Matting - 基于 OpenCV 实现的 alpha blending[译]

原文:Alpha Blending using OpenCV (C++ / Python) - 2019.04.10

作者:Sunita Nayak

Matting - 图像抠图简记 - AIUAI 中简单说明了下抠图问题的定义及采用 PIL Image.blend() 函数的图像融合.

这里,主要关于 如何将透明 PNG 图(Alpha图)与图片进行融合. 并给出了基于 OpenCV 的 C++ 和 Python 实现.

1. Alpha 通道融合(Alpha blending)

Alpha 融合是将一张前景透明图像覆盖到一张背景图片上的过程.

透明图往往是四通道的图像(如,透明 PNG 图),且是可分离的. 透明 mask 图也被叫作 alpha maskalpha matte.

图:(上左)-前景图像;(上右)-alpha mask;(下左)-背景图像;(下右)-最终组合图像. From: http://www.alphamatting.com/datasets.phphttps://www.publicdomainpictures.net/en/view-image.php?image=21543&picture=drink-on-beach.

如图,左上图为前景图像,右上图为 alpha mask 图,下左为背景图像,下右为采用 alpha mask 将前景图像和背景图像融合得到的组合图.

Alpha blending 背后的数据公式为:

$$ I = \alpha F +(1 - \alpha)B $$

对于图像的每个像素,需要采用 alpha mask ($\alpha$) 将前景图像($F$) 和背景图像($B$)进行组合.
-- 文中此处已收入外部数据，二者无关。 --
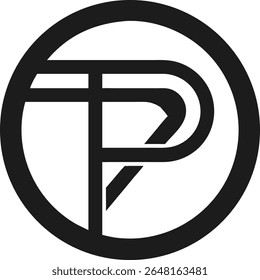 Minimalist abstract letter p logo design inside a circular vector shape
其中,$0 \leq \alpha \leq 1$.

[1] - 当 $\alpha = 0$ 时,输出像素值为背景图像.

[2] - 当 $\alpha = 1$ 时,输出像素值为前景图像.

[3] - 当 $ 0 < \alpha < 1$ 时,输出像素值是背景图像和前景图像的融合. 实际场景中,alpha mask 边界处的像素值往往在 [0, 1] 区间.

2. Python 实现

import cv2
 
#读取图像
foreground = cv2.imread("puppets.png")  #前景
background = cv2.imread("ocean.png")    #背景
alpha = cv2.imread("puppets_alpha.png") #alpha
 
#Convert uint8 to float
foreground = foreground.astype(float)
background = background.astype(float)
 
#Normalize the alpha mask to keep intensity between 0 and 1
alpha = alpha.astype(float)/255
 
#Multiply the foreground with the alpha matte
foreground = cv2.multiply(alpha, foreground)
 
#Multiply the background with ( 1 - alpha )
background = cv2.multiply(1.0 - alpha, background)
 
#Add the masked foreground and background.
outImage = cv2.add(foreground, background)
 
#Display image
cv2.imshow("outImg", outImage/255)
cv2.waitKey(0)

3. C++ 实现

#include opencv2/opencv.hpp
 
using namespace cv;
using namespace std;
 
int main(int argc, char** argv)
{
 
    //Read the images
    Mat foreground = imread("puppets.png");
    Mat background = imread("ocean.png");
    Mat alpha = imread("puppets_alpha.png");
     
    //Convert Mat to float data type
    foreground.convertTo(foreground, CV_32FC3);
    background.convertTo(background, CV_32FC3);
    
    //Normalize the alpha mask to keep intensity between 0 and 1
    alpha.convertTo(alpha, CV_32FC3, 1.0/255); // 
 
    //Storage for output image
    Mat ouImage = Mat::zeros(foreground.size(), foreground.type());
 
    //Multiply the foreground with the alpha matte
    multiply(alpha, foreground, foreground); 
 
    //Multiply the background with ( 1 - alpha )
    multiply(Scalar::all(1.0)-alpha, background, background); 
 
    //Add the masked foreground and background.
    add(foreground, background, ouImage); 
     
    //Display image
    imshow("alpha blended image", ouImage/255);
    waitKey(0);
     
    return 0;
}

4. 更有效的 C++ 实现

上述的Python和C++实现的 alpha blending 代码是比较整洁的,但其效率不够. 因为在 alpha blending 的过程中包含两次对前景图像的处理,分别用于与 alpha 相乘和与 masked 背景图像的相加. 类似地,对背景图像也包含类似的处理.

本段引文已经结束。